Le tribunal a statué par voie de circulation.
Considérant en droit:
1.
a) Aux termes de l'art. 41 de la Constitution du Canton de Vaud (Cst-VD;
BLV 101.1), l'Etat et les communes informent la population de leurs
activités selon le principe de la transparence (cf. ég. art. 7 al. 2 Cst-VD,
dont il résulte de façon générale que l'activité étatique s'exerce de manière
transparente). Ce devoir d'information est réglementé dans la loi vaudoise du
24 septembre 2002 sur l'information (LInfo; BLV 170.21) qui fixe les
principes, les règles et les procédures liées à l'information du public et des
médias sur l'activité des autorités, s'agissant notamment de l'information
transmise d'office par les autorités (art. 1 al. 2 let. a LInfo) et de
l'information transmise sur demande (art. 1 al. 2 let. b LInfo). Cette loi
s'applique, entre autres, aux autorités communales et à leurs administrations,
à l'exclusion de leurs fonctions juridictionnelles (art. 2 al. 1 let. e
LInfo) ainsi qu'aux personnes physiques et morales auxquelles le canton ou une
commune confie des tâches publiques (art. 2 al. 1 let. f LInfo).
b) Dans le cas présent, la
demande porte sur l'activité de l'organe exécutif d'une association de communes,
forme expressément prévue à l'art. 112 LC aux termes duquel les communes
peuvent collaborer sous la forme d'une association de communes pour accomplir
ensemble des tâches de compétence municipale (art. 112 al. 1 LC).

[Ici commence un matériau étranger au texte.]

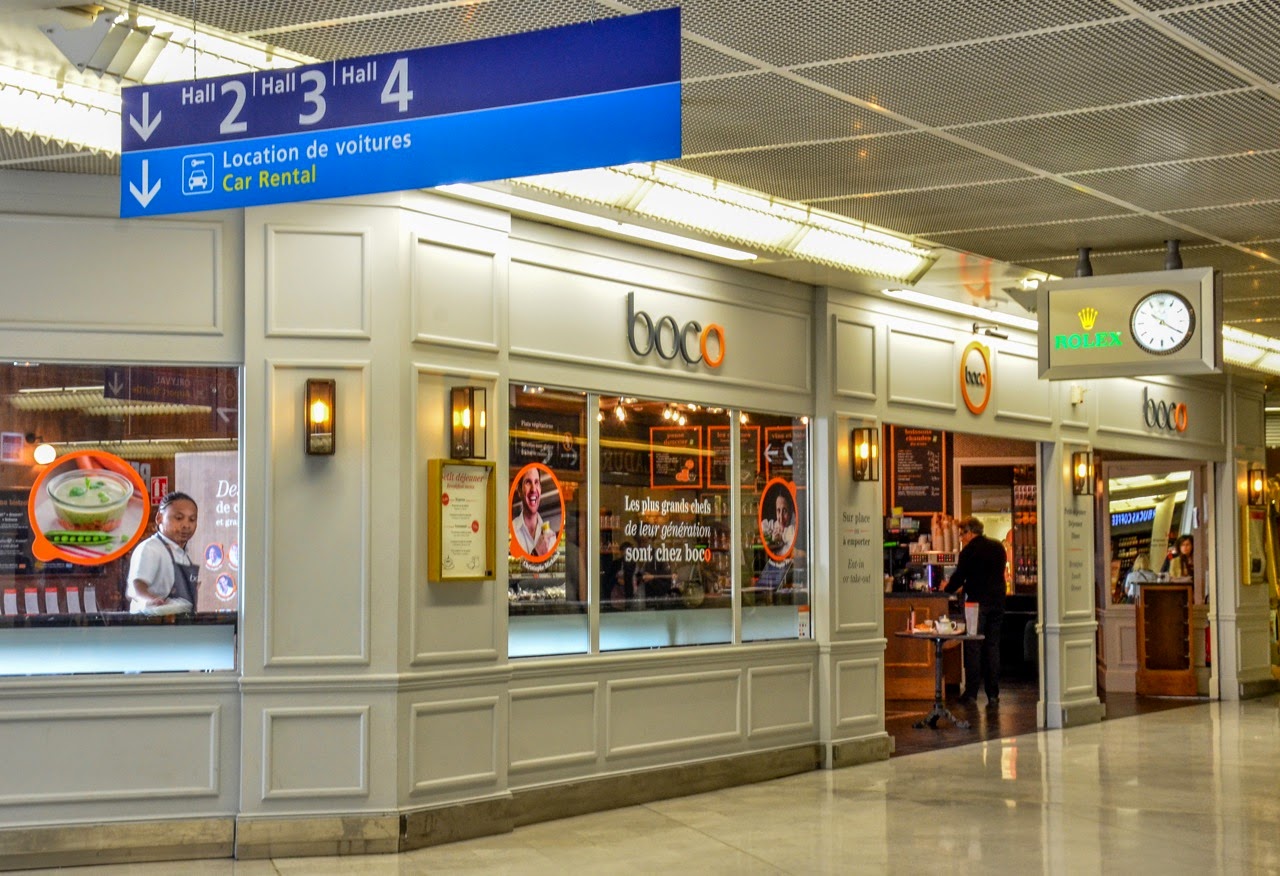 point de rencontre orly ouest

L'approbation du Conseil d'Etat donne existence légale à l'association et lui
confère la personnalité morale de droit public (art. 113 al. 3 LC et
art. 3 des statuts). Les dispositions concernant les communes et les
autorités communales sont applicables par analogie à l'association, à la
fédération de communes, à l'agglomération et à toute autre forme de corporation
de droit public comprenant des communes prévue par la LC ou les lois spéciales,
pour autant que ces dispositions ne soient pas en contradiction avec les lois
précitées (art. 114 LC).
Il en découle que la LInfo est également applicable
aux organes de l'association de communes (art. 2 al. 1 let. e
LInfo s'agissant des autorités communales et leur administration, à l'exclusion
de leurs fonctions juridictionnelles, applicable par analogie par renvoi de
l'art. 114 LC; v. ég. art. 2 al. 1 let. f LInfo s'agissant
des personnes physiques ou morales auxquelles le canton ou une commune confie
des tâches publiques - ici, la sécurité publique). Le comité de direction
exerce, dans le cadre de l'activité de l'association, les fonctions prévues par
les municipalités (art. 122 al. 1 LC). Il représente l'association envers
les tiers (art. 122 al. 2, deuxième phrase, LC).
c) S'agissant des informations transmises sur
demande, l'art. 8 LInfo pose le principe selon lequel les renseignements,
informations et documents officiels détenus par les organismes soumis à la
présente loi sont accessibles au public (al. 1), sous réserve des cas décrits
au chapitre IV (al. 2).
Lorsque – comme en l'espèce – la demande porte sur
l'activité d'une autorité communale ou assimilée, l'art. 26 al. 1 LInfo dispose
que les autorités communales statuent sur les demandes concernant leurs
activités.
Enfin, l'art. 27 al. 1 LInfo prévoit que la
procédure de recours devant le Tribunal cantonal est rapide, simple et
gratuite. En vertu de l'al. 3 de cette même disposition, la loi vaudoise
du 28 octobre 2008 sur la procédure administrative (LPA-VD; BLV 173.36) est au
surplus applicable aux décisions rendues en vertu de la LInfo ainsi qu'aux
recours contre dites décisions.
2.
Il se pose en premier lieu la question de la nature des actes attaqués.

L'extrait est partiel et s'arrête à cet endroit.